Kay was in town to promote his latest book, Other People’s Money, and to remind us that the finance industry spends very little of its time on what the public might perceive as its proper role: payments, financing housing and infrastructure, funding retirement and supporting new business.
Instead, most financial companies spend their time trading among themselves, for their own profit, and at arm’s length, with old-fashioned relationships relegated to the dustbin.
Regulation since the 2008 global financial crisis has worsened the problem, not ameliorated it, said Kay, speaking at the Asia Society. It has created complex, proscriptive rulebooks, in a never-ending cycle. “We’ve had Basel 1, then Basel 2, and now Basel 3,” Kay noted. “No doubt we’ll have Basel 4, 5 and 6.”
Kay called for a new approach that focuses on the structure of the industry, and on corporate and individual incentives. The aim should be to reduce conflicts of interest, reduce complexity, and sharpen the liabilities for what happens within big financial institutions on the people at the top, “like Dick Fuld,” he said of the failed CEO of the bankrupt Lehman Brothers.
He doubts many existing too-big-to-fail banks will ever lead the necessary change, and urged people to create new models at new firms. Kay’s ideal would be the emergence of boutiques specialising in the areas now cobbled together within big banks, thereby separating retail banking from trading and other forms of risk-taking.

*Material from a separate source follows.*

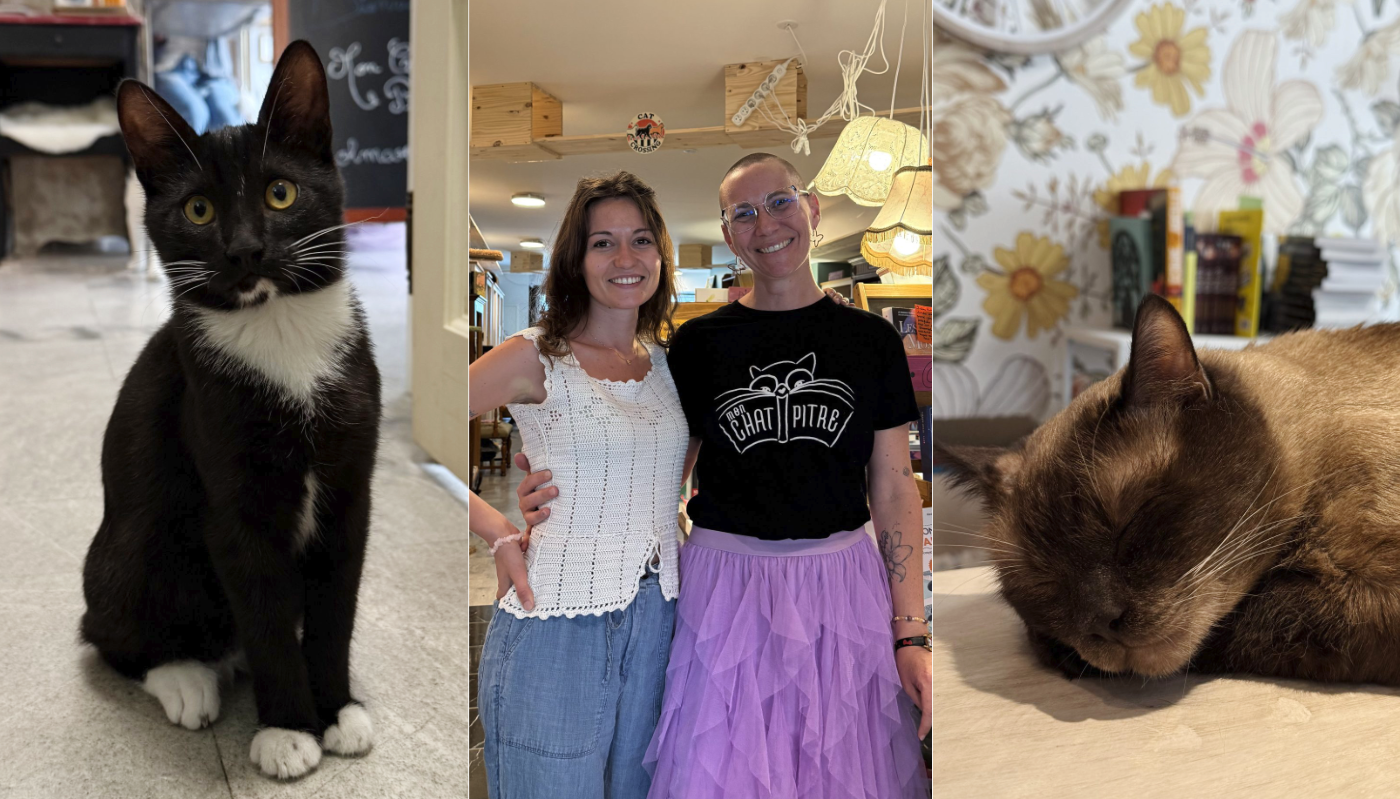 on a visité une librairie avec des chats trop mignons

Kay would go further, however: investment banks should be split up among partnerships, whose partners have skin in the game, so that conflicts of interest among corporate advisory, securities issuance, market making and asset management are reduced or removed.
It is unlikely that governments can regulate such a world into existence. The US law that once ringfenced deposit-taking from risky trading, Glass Steagal, which was signed into oblivion by President Bill Clinton, had already been eroded beyond recognition upon its termination. Regulation has its place, but it is only effective if it promotes simpler outcomes.
Instead, incentives could be designed to reward people to go to new specialist firms and avoid the big banks.
Kay was not convinced that fintech was the answer. Although he said advances in payments are going to be profound, he was less optimistic about the transformative power of other technology trends.
Robo-advisors may find a useful role, but only because the current state of wealth management is such a bad deal for investors, he said. He was outright sceptical regarding peer-to-peer lending and crowdfunding, despite their ability to dodge the big-bank intermediaries. Kay predicted that these would either end up looking like the banks they were designed to undermine (or owned by them), or commit frauds that would ultimately blow up.
“Trust takes decades to build,” Kay said. The incoming CEO at a major bank who simply declares bad behaviour will no longer be tolerated is not going to succeed; instead, such CEOs simply elicit sniggers on the trading floor. Nor is it a matter of PR: the more the public understands banking, the more likely they are to be disgusted by it.
Therefore a major restructuring was still required, despite all of the post-2008 regulation. “The trading culture contaminates the retail banking culture,” Kay said.
He also lamented the loss of banking that was based on personal relationships. The shift to transaction-dominated business, in which banks trade among themselves, facilitated the rise of non-productive businesses such as high-frequency trading.
But he admitted to being at something of a loss when asked how old-fashioned relationship banking could avoid the taint of cronyism, whether it be guanxi style dealmaking in Asia or overly cozy relationships with politicians that took place in bubble-era Iceland and Ireland.
“It’s just a constant battle,” Kay said. “We need to succeed in this battle to ensure that financial services serves us,” as opposed to the narrow interests of financial insiders. “It’s hard to get there.”